- Oct 2018
From reading this I'm left with the impression that the housing boom was just a housing boom, not a general long-term projects boom, as you would expect from the ABCT.
Why was housiing and just housing the epicenter of the boom and bust? Or wasn't it?
If it was just housing, couldn't we explain it (or at least conceive of a different hypothetical scenario) without interest rates even changing? Imagine that the government prints money and uses it to pay companies to build houses -- or creates a special lending program just for houses, but don't messes up with the general interest rate -, wouldn't that have basically the same effect?

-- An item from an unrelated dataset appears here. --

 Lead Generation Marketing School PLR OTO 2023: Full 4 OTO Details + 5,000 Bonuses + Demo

If so, perhaps we should start considering a new ABCT version that just talks about new money being created and going to specific sectors, instead of the whole interest/intertemporal adjustments/hayekian triangles talk. Why is this wrong?

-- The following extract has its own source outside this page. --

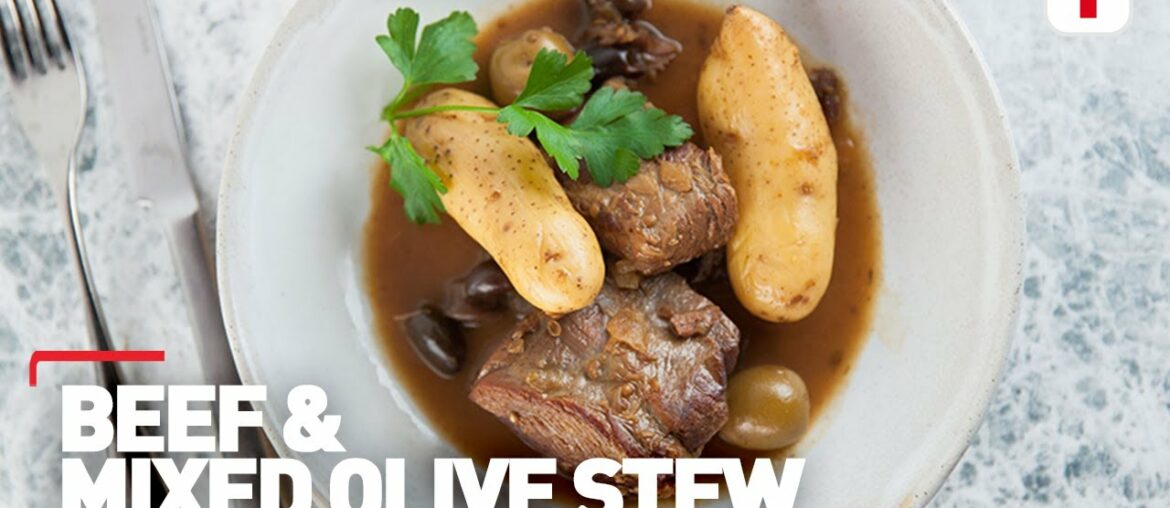 Everyday Gourmet | Beef And Mixed Olive Stew using Tefal ClipsoMinut' Perfect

It's not that people switched from buying hot dogs to hamburgers; instead they switched from buying "present consumption" to buying "future consumption."

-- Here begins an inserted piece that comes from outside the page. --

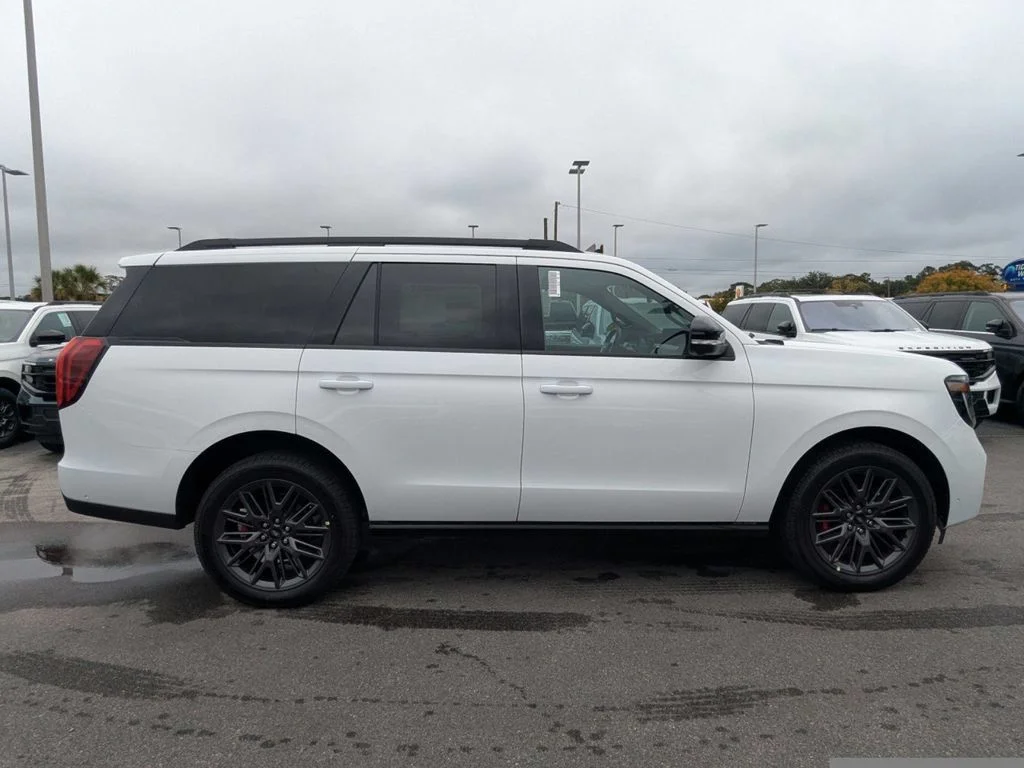 New 2025 White Ford Platinum image 3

What if we said that people switched from buying hot dogs to bonds? Not anything "future", just a bond, today.
If they switched to hamburgers, that would increase investment in the hamburger industry in expense of the hot dog industry.
In the same way, if they switch to bonds, that will increase the investment in the "bonds industry", which is basically lending money.
Because the capital structure of the economy becomes internally inconsistent, eventually some entrepreneurs must abandon their projects because there are insufficient capital goods to carry them all to completion.
This argument have confused me my entire life in all explanations of the Austrian Business Cycle Theory. It is the core of the most famous of all, that Mises story about the master builder who doesn't have enough material to finish the house he's building.
It is misleading and ultimately wrong because economic goods (in the Menger definition) are always insufficient. In simple terms, given the market price, every good can be obtained.
What happens after the economy realizes it was in a malinvestment boom, prices of capital goods adjust in a way that they can become too expensive for some projects to be completed profitably.